By Lori Brand

Anyone who is into lifting weights knows that the deadlift is an absolute must when it comes to improving physical fitness. One of the “big three” lifts (the others being the bench press and squat), the deadlift is often referred to as “the king of lifts,” due to its ability to elicit increases in muscle, power, strength, and conditioning. This full-body, multi-joint exercise not only engages the entire posterior chain (hamstrings, glutes, erectors, lats, and traps), but also the quads and abdominals. Heck, it even hits muscles in the forearms and hands!

However, conventional barbell deadlifts can be pretty intimidating to many people, mostly because of the complexity of the movement, as well as the shear force it exerts on the lumbar spine. But that doesn’t mean you have to miss out on the body benefits, not to mention the badass feeling, of this functional movement.

If you shy away from barbell deadlifts, or you’re dealing with an injury that prevents you from doing them, the hex bar deadlift is an amazing alternative that boasts similar benefits. Learn how to do them, and you can be performing perfect deadlifts in your workouts, starting today.

Benefits of the Hex Bar Deadlift

Unlike the conventional deadlift, which uses a mixed grip (one overhand, one underhand) or hook grip (overhand grip, including thumbs), the hex bar deadlift is done with a simple, neutral grip (palms facing each other). Think of picking up a grocery bag in each hand by the handles: If you can do that, you can pick up a hex bar. The hex bar’s handles also provide an extra few inches of height, which allows your torso to remain more upright during initiation of the lift, compared to a regular barbell deadlift.

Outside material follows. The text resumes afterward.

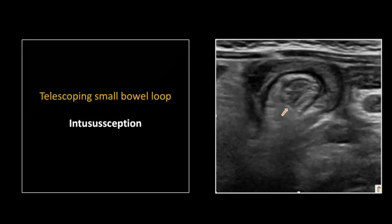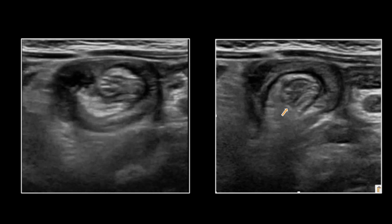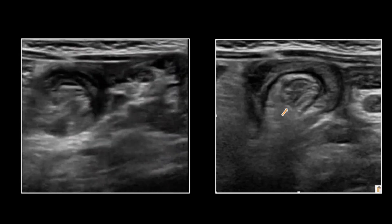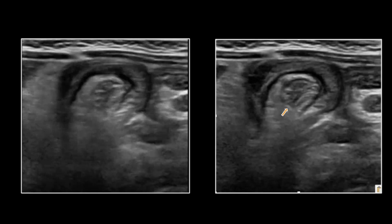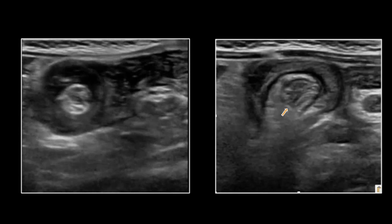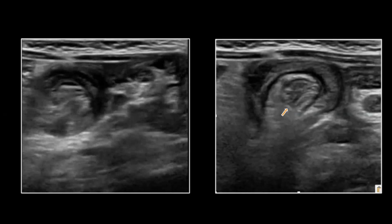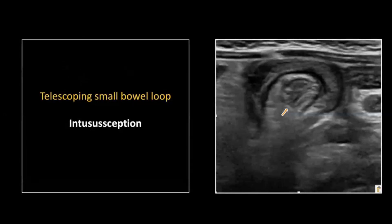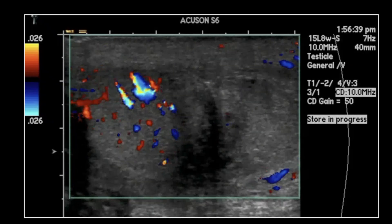Intussusception — correct, very good. You want to see vessels and fat, because those are the mesenteric components that get pulled into the intussusceptum, which intussuscepts into the intussuscipiens. The intussusceptum will always show a hyperechoic ring, and it does look a little targetoid too, which is the common term applied to these.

Because of the hex bar’s shape, you stand in the center of the bar, rather than behind it. Not only does this allow greater freedom of movement, you don’t have to worry about bumping and bruising your shins. Furthermore, by standing inside the bar, you don’t have to hinge as far forward to initiate the pull. This produces less stress on the lumbar spine and allows the shoulders to remain more stabilized. It also makes it easier to keep a flat back, which is crucial. In short, the hex bar is a more comfortable, easier to learn, and safer option than the conventional deadlift.

The cherry on top? Hex bar deadlifts have been shown to produce more force, power output, and velocity than conventional deadlifts, making them a better training method for most fitness styles and sports. Ready to step up to the bar? Here’s how to do it properly.

How to Do It:

The Set Up

  • Place the hex bar on the floor, handles facing up.
  • If desired, load the bar with weight plates. A traditional bar, like the one shown in the picture, is 45 lbs.
  • Step into the middle of the frame with your feet about shoulder-distance apart.
  • Grip the center of the handles.
  • Squat down and remove any slack from your arms and shoulders.

The Lift

  • With a flat back (crucial!), take a deep breath and hold it, bracing your abdomen.
  • Drive into your feet and stand up, keeping your back flat the whole time.
  • Exhale at the top of the lift.
  • Reverse the process and lower the hex bar back down to the floor.
  • That’s one rep.
  • Between each rep, you will set the bar back down on the floor briefly.

How to Incorporate the Hex Bar Deadlift

Deadlifts are a very taxing lift. Once you are warmed up, they should be done towards the beginning of your training session, while your muscles are fresh. Deadlifts are not a high-volume lift. Most people do 1-3 sets of anywhere from 3-12 reps, depending on the load. Allow at least 48 hours for recovery before hitting them again. They can be incorporated into either back or lower-body workouts.